Smith was tried by a jury and convicted. The same jury heard a separate sentencing proceeding as required by Texas law. One of the three issues the jury had to determine was the future dangerousness of the defendant and whether he would continue to pose a threat to society. Over the defense counsel's objections, the doctor who conducted the pretrial competency evaluation was allowed to testify and his opinion was that Smith continued to be dangerous and thus would continue to constitute a danger to society. The jury determined the issue of the defendant's dangerousness as well as the other two issues against the defendant, making the death penalty mandatory under Texas law. Smith, along with Howie Robinson, shot and killed William Moon on September 28, 1973 during a convenience store robbery. Robinson was also sentenced to death for the murder.

=== Appeals ===
Smith appealed to the Texas Court of Criminal Appeals which affirmed the conviction and death sentence. Smith's writs of habeas corpus to the state courts were denied so he petitioned Federal District Court for relief. The Federal District Court vacated the death sentence, finding that the trial court erred constitutionally by admitting the doctor's testimony at the penalty phase. The United States Court of Appeals affirmed this decision.

== Opinion of the Court ==
The Supreme Court held that the admission of the doctor's testimony at the penalty phase of the trial violated Smith's Fifth Amendment privilege against forced self-incrimination as he was not told before the pretrial psychiatric examination that he had a right to remain silent and that any statement he made could be used against him at any phase of the trial, including the sentencing phase. Thus the reliance by the State on the pretrial statements made to the doctor in the competency evaluation violated his Fifth Amendment rights in the same manner as forcing Smith to testify against his will at any phase of the trial would do so. The fact that Smith made such statements in the context of a competency does not automatically prevent such statements from being used.

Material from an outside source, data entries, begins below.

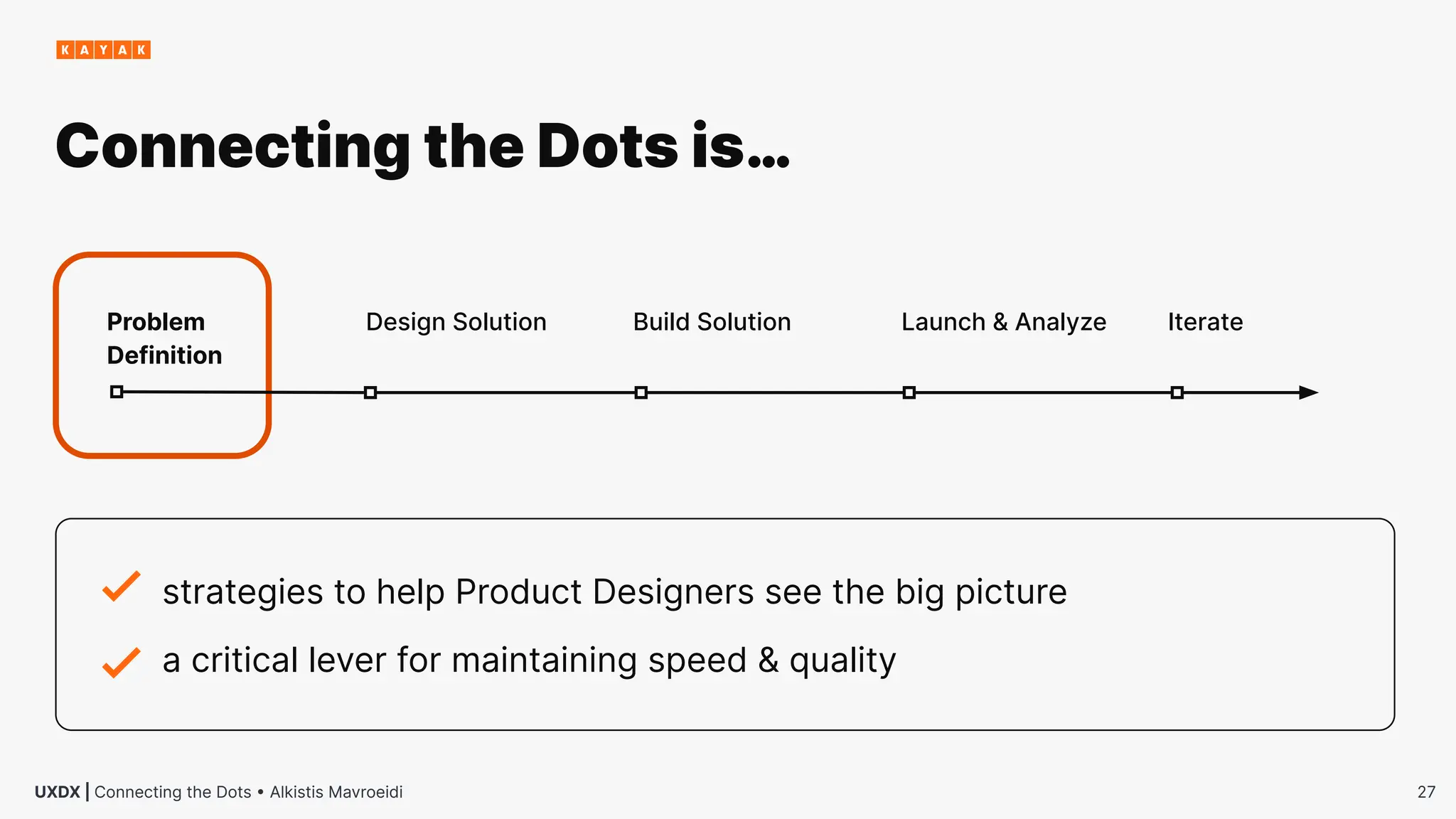 27
UXDX | Connecting the Dots • Alkistis Mavroeidi
strategies to help Product Designers see the big picture
a critical lever for maintaining speed & quality
Connecting the Dots is…
Problem
Definition
Design Solution Build Solution Launch & Analyze Iterate
 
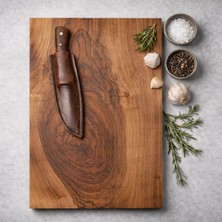 Twins Wood Craft Ceviz Ağacı Kesme Tahtası (Büyük Boy) - (40x25x2,5cm)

If Smith had been warned prior to the evaluation, his Fifth Amendment rights would not have been violated. Warnings at this stage in the interrogation process "apply with no less force" than at other stages. "An accused who neither initiates a psychiatric evaluation nor attempts to introduce any psychiatric evidence may not be compelled to respond to a psychiatrist if his statements can be used against him at a capital sentencing proceeding."

Smith's Sixth Amendment right to the assistance of counsel also was violated when the State introduced doctor's testimony at the penalty phase. Smith already had that right when the doctor examined respondent in jail. As it turned out the competency evaluation was a "critical stage" of the total proceedings against Smith and his attorneys were not notified prior to that evaluation that it would include an estimation of Smith's future dangerousness. Thus Smith was denied the assistance of counsel in making the important decision whether to submit to the examination and to what use the evaluation findings could be employed against him.

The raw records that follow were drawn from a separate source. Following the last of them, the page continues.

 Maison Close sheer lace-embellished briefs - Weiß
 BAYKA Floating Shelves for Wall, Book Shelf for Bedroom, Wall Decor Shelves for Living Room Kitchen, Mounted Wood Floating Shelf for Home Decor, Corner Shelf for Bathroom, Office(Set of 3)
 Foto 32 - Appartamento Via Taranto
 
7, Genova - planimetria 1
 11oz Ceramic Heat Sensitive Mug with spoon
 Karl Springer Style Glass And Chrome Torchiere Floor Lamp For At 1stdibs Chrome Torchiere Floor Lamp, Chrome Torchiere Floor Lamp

== Subsequent developments ==
The prisoner in question, Ernest Smith, had his conviction reduced in June 1981 to 'murder with malice aforethought' and was resentenced to life imprisonment.

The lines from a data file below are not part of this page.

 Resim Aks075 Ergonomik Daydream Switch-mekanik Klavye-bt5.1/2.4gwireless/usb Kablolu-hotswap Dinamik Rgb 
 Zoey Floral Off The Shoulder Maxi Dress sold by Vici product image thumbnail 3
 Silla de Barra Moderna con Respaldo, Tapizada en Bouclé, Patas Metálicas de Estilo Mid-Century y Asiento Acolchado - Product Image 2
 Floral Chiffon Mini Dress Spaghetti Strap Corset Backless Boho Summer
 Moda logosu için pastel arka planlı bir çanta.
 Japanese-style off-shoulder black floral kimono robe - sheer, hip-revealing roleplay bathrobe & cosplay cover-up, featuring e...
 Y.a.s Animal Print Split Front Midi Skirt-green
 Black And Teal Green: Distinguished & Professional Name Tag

Although the court did not address the issue directly, it seemed to implicitly condone the practice of imposing sanctions on defendants who refuse to cooperate with state-order mental health evaluators if the defense gives notice that it intends to raise the question of the defendant's mental health as a defense. In Buchanan v. Kentucky the court found that if the defendant had raised a psychiatric defense and joined in the motion for a psychiatric evaluation, the Constitution was not violated if the prosecution used the examination results to rebut defense claims. The later ruling could be interpreted as meaning that if the defendant requests a competency evaluation, the Fifth Amendment protection is forfeited on any psychiatric issue raised as a defense.